**TO DO:** The answer required is how many lines of the following entries contain the word "Jeans", with no other words.

**EXERCISE MATERIAL:**
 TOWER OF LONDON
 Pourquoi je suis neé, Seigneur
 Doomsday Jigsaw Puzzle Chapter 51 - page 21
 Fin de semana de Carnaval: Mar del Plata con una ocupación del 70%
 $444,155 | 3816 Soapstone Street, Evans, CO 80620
---
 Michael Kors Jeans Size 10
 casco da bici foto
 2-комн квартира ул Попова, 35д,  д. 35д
...
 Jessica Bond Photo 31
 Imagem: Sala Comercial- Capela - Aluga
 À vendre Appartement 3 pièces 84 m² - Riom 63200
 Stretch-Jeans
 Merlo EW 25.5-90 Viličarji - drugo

**SOLUTION TO THE EXERCISE:** 2